KUNI
- Cedar Falls, Iowa; United States;
- Broadcast area: Waterloo, Iowa
- Frequency: 90.9 MHz (HD Radio)
- Branding: Iowa Public Radio

Programming
- Format: News, adult album alternative
- Subchannels: HD2: KSUI simulcast (Classical music)
- Affiliations: American Public Media NPR Public Radio Exchange

Ownership
- Owner: Iowa Public Radio, Inc.

History
- First air date: September 15, 1960
- Call sign meaning: University of Northern Iowa

Technical information
- Licensing authority: FCC
- Facility ID: 69158
- Class: C
- ERP: 100,000 watts
- HAAT: 524 meters (1,719 ft)
- Transmitter coordinates: 42°18′59″N 91°51′31″W﻿ / ﻿42.31639°N 91.85861°W
- Translators: 94.5 K233AA (Davenport) 95.3 K237GD (Iowa City) 102.1 K271AF (Eldridge)

Links
- Public license information: Public file; LMS;
- Webcast: Stream
- Website: Iowa Public Radio

= KUNI (FM) =

KUNI (90.9 MHz) is an FM radio station owned and operated by Iowa Public Radio (IPR) in Cedar Falls. It is one of two NPR outlets for Eastern Iowa; the other being WSUI in Iowa City. KUNI's transmitter is in Walker, Iowa, with its primary signal covering Cedar Falls, Waterloo, Cedar Rapids and Iowa City. KUNI's programming is simulcast on full-power satellite KNSM (91.5 FM) in Mason City. KUNI also has three low-power FM translators: K233AA (94.5 FM) in Davenport, K237GD (95.3 FM) in Iowa City, and K274AA (102.1 FM) in Eldridge.

Programming is mostly NPR news and talk, with some KUNI produced music programs in the evenings and on weekends.

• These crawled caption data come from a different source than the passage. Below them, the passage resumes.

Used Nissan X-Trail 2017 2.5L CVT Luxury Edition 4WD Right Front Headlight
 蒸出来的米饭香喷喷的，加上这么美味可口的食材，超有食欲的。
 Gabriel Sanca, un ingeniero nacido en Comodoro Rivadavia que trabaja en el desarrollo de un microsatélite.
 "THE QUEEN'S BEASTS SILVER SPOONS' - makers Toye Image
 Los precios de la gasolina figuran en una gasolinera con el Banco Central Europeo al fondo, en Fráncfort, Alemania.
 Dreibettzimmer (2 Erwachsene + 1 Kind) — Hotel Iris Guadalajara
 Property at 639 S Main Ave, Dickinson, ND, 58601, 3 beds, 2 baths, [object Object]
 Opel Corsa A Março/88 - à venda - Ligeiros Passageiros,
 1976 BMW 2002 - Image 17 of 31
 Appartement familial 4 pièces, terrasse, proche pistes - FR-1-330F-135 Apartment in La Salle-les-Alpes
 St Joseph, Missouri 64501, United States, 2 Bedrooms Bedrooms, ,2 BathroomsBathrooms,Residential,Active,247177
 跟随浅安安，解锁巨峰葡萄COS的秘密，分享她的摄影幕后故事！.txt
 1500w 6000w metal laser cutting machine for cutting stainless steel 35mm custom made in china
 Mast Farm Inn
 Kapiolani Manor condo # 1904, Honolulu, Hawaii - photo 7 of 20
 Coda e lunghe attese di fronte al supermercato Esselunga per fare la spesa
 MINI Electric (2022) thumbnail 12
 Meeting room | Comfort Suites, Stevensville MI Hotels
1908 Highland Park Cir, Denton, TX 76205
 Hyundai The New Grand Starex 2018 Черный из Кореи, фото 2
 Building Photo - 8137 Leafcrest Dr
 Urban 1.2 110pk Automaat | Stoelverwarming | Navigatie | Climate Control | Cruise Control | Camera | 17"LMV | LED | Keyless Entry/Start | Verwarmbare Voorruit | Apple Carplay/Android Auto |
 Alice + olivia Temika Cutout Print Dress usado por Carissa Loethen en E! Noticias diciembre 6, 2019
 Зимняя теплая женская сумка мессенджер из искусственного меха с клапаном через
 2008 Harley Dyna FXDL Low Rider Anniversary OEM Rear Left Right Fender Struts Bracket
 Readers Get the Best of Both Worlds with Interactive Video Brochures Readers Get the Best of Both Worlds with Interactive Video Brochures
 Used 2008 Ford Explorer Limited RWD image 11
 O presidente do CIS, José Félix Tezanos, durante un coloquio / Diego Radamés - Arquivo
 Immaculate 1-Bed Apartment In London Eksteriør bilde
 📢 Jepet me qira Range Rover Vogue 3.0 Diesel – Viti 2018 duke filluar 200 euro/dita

It is the flagship of IPR's "News and Studio One" service, which combines NPR news and talk programming with an extension of the "Live from Studio One" adult album alternative program that aired on KUNI for years before the creation of IPR.

Announcer Bob Dorr had been involved with the station since 1972, producing programs of classic rock and roll recordings and live concerts featuring Iowa talent. He is also a harmonica player and heads the blues band, The Blue Band; which was inducted into the Iowa Rock and Roll Hall of Fame in 2007. Dorr retired from full-time broadcasting in 2009 but plans to produce occasional shows in the future.